Education advocates gather in Halifax, NC to mark the one-year anniversary of the Center's report and
the county's renewed struggle for education equity
This summer marked the one-year anniversary of the UNC
Center for Civil Rights’ report, “Unless Our Children Begin to Learn Together: The State of Education in Halifax County.” To commemorate this milestone, education advocates in the community held
a press conference at the Old Halifax County Courthouse, where the report was
first presented, to review what had been accomplished in the year and the
challenges that remain to bring high-quality, equitable education to Halifax
County. Halifax County Board of Commissioners Chairman
James Pierce and State Representative Angela Bryant were among those who
addressed the crowd to call for high-quality education for every student in the
county. CEES Chair Ms. Rebecca Copeland,
Vice Chair Gary Grant, HCPS Chair Dr. Donna Hunter, long-time Halifax advocate
Ms. Belle Frye, and Center for Civil Rights Managing Attorney Mark Dorosin also
spoke.
Center for Civil Rights Managing
Attorney Mark Dorosin
The Center’s May 2011 report, analyzed the history and
current educational impacts of Halifax County’s three racially isolated school
districts: Roanoke Rapids Graded School District (RRGSD), Weldon City Schools
(WCS), and Halifax County Public Schools (HCPS).

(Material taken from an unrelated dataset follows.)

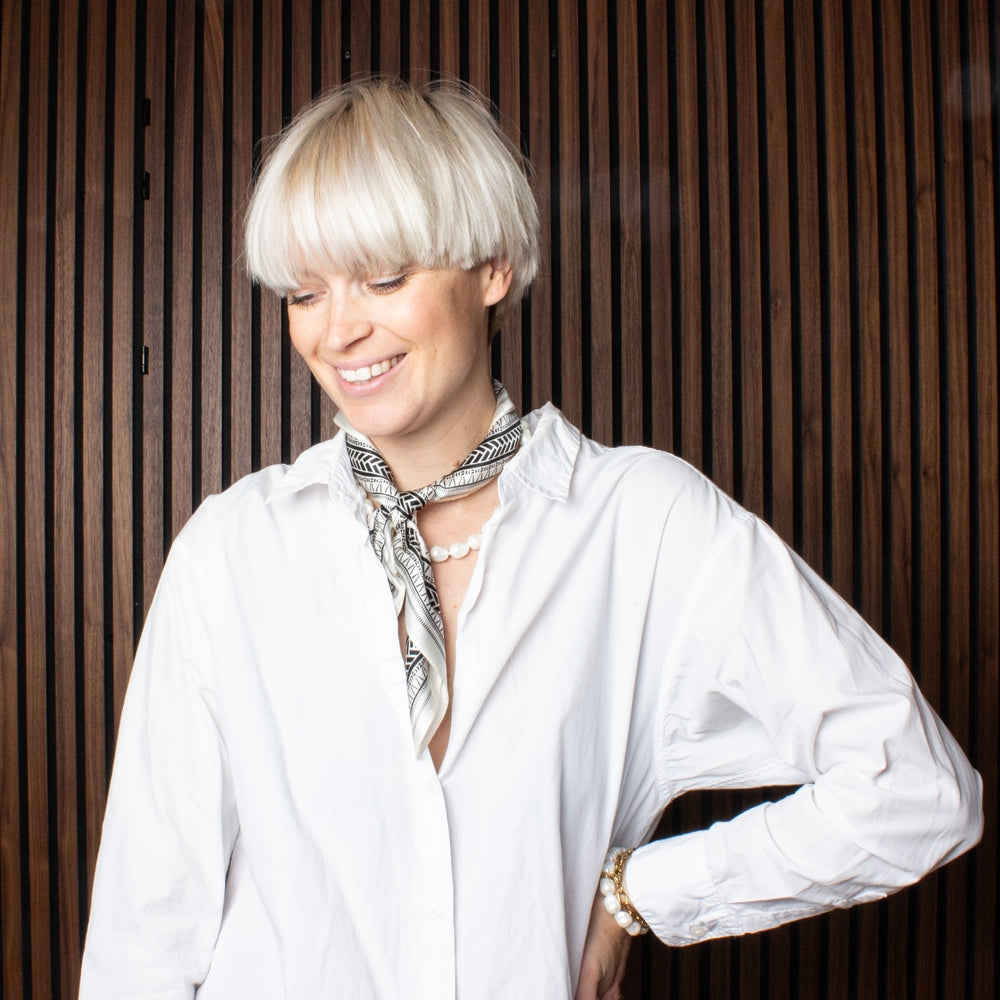 Jever Silk Shawl White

WCS and RRGSD were chartered in the early
1900s; Weldon was a relatively racially integrated district, RRGSD served
almost exclusively White students. RRGSD remains a disproportionate white enclave
in this majority African American county, with 70% white student and 51% Free
and Reduced Lunch (FRL) eligible students. WCS is 94% black and 75% FRL eligible, HCPS is 87% black and 90%
FRL-eligible.
CEES Chair Rebecca Copeland
In the summer following the release of the Center’s Report,
community groups sponsored a series of “Community Conversations” across the
county to discuss the educational and social ramifications of racially
segregated education in Halifax County. In September 2011, the Center addressed the Halifax County
Commissioners, calling on that body to fulfill its duty to all the county’s
students by exercising its power to merge the districts as a critical step
towards equality and equity. While HCPS
invited RRGSD and WCS to discuss interdistrict cooperation, the city districts
united in opposition to any such measures. Community advocates continued to push for merger at Board of Commissioner
and school board meetings, and in response to this sustained engagement, the
commissioners hired Evergreen Solutions, a Florida-based firm, to study
education quality in the county.
In December, a group of citizens and advocacy organizations
formed the Coalition for Education and Economic Security (CEES), dedicated to educational reform, social progress, and
an end to the long history of racial discrimination and civil rights abuses in
Halifax County, which continue to hamper economic development. CEES also raised the issue of the county’s
sales tax distribution and the county commissioners’ decision to use a
distribution method that subsidizes WCS and RRGSD. Since
the 1970s, the commissioners have annually selected the ad valorem method, which allows these two districts to receive a
portion of the sales tax collected throughout the county because they also
collect a supplemental district tax. Since
Halifax County Public Schools does not have a school district tax, it does not
receive any part of the sales tax, compounding the disparity between the county
and city schools.
Halifax County Commissioners Chairman James Pierce
At the press conference, CEES Vice President Gary
Grant, speaking on behalf of the Coalition, called upon county and school
elected officials, parents, teachers, and students to continue the struggle for
equity: “We bear witness to the fact
that the problems of poor and barely mediocre student performance at the three
public school systems has not been addressed. Nor has the root cause, the continuing extreme racial segregation among the three school districts in
Halifax County. The quality of education
has been undermined on a county-wide basis for much too long at too great a
cost to too many of our children.”
In addition to the racial segregation that prevents these
students from achieving their potential, the school districts are still
struggling to provide a quality education to all their students and manage the demographic
changes and financial challenges of rural North Carolina. Moreover, education quality is still a mixed
picture, such that no one district can claim to provide the best education in
the county.
State Representative and Halifax education advocate Angela Bryant
Ms. Belle Frye, Halifax resident and civil rights
advocate
Halifax County is still under state scrutiny through the ongoing
Leandro case. The district agreed to a consent order in
2009 requiring the board placed to implement a three-year academic and
administrative intervention plan, which was the subject of last week’s Superior
Court hearings before Judge Howard Manning.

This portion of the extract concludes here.